Tudo se passa como se Duras estivesse, não a coligir informações para “facilitar” as filmagens, antes a criar um discurso literário a partir do próprio filme (antes de ele ser filmado). Numa nota de rodapé, ela recorda mesmo o paradoxal pedido de Resnais que deu origem a esses “Apêndices”: “Faça como se comentasse as imagens de um filme acabado.”

Lemos ou relemos Duras, podendo conhecer ou não conhecer o filme de Resnais, mas sentimos sempre que a sua escrita apela a uma “concretização” que, talvez, só o cinema possa fornecer. Hiroshima, Meu Amor, o livro, integra, assim, um gosto de deambulação literária que, de alguma maneira, Resnais transfigurou em parábola cinematográfica.

Daí nasce também a dimensão “autobiográfica” deste exercício de escrita, no sentido em que Duras está longe de se fixar na pergunta clássica: “Como escrever para que, da escrita, nasça um filme?” Hiroshima, Meu Amor é também uma obra sobre a arte difícil, porventura transparente mas indecifrável, de construir um mundo a partir da escrita. Num apêndice dedicado àquilo que aconteceu em Nevers, Duras entrega a primeira pessoa do texto à sua personagem e fá-la dizer o escândalo existencial do amor: “O seu corpo tornara-se o meu, já não conseguia distingui-los. Transformara-me na negação viva da razão. E todas as razões que pudessem opor a esta falta de razão, eu tê-las-ia varrido, e de que maneira: como castelos de cartas, como razões puramente imaginárias, justamente. Que me atirem a primeira pedra aqueles que nunca foram despojados de si próprios. Já não tinha outra pátria senão o próprio amor.”
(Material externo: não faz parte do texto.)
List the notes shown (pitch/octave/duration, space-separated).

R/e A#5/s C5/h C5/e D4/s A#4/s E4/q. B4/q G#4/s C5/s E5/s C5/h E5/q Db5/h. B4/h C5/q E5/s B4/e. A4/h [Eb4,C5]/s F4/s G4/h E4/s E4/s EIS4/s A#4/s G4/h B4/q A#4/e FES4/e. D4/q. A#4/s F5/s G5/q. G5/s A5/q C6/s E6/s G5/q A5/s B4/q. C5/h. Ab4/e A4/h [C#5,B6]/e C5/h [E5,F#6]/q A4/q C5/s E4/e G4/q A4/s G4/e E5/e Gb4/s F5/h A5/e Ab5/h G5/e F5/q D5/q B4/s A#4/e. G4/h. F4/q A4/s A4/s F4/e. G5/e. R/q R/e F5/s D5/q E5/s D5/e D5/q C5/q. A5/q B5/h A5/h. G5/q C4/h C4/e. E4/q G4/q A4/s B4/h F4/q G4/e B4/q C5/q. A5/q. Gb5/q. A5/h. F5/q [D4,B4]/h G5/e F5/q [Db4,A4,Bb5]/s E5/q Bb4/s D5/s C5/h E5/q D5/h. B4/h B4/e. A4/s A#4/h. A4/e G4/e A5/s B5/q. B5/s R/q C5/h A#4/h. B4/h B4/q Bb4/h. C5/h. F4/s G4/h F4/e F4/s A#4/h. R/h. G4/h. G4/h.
Podemos parafrasear o título de um livro de entrevistas de Duras com Dominique Noguez, La Couleur des Mots, publicado postumamente (Éditions Benoît Jacob, 2001). Há uma energia na “cor das palavras” que liberta a escrita de qualquer caução enigmática ou esotérica, contemplando e partilhando a nudez da “vida material” — o que, bem entendido não é estranho ao facto de, em 1987, Duras ter publicado um livro sobre “este vaivém entre mim e mim, entre mim e os leitores neste tempo que nos é comum”, a que chamou A Vida Material (tradução de Tereza Coelho, ed. Difel).

No epílogo escrito para as entrevistas com Noguez, esses são elementos de uma solidão primordial, dita de modo singularmente concreto, isto é, material: “A palavra que me provoca mais horror na língua francesa e, creio, em todas as línguas, é a palavra ‘sonho’. Nunca sonhei, é por isso que escrevi.”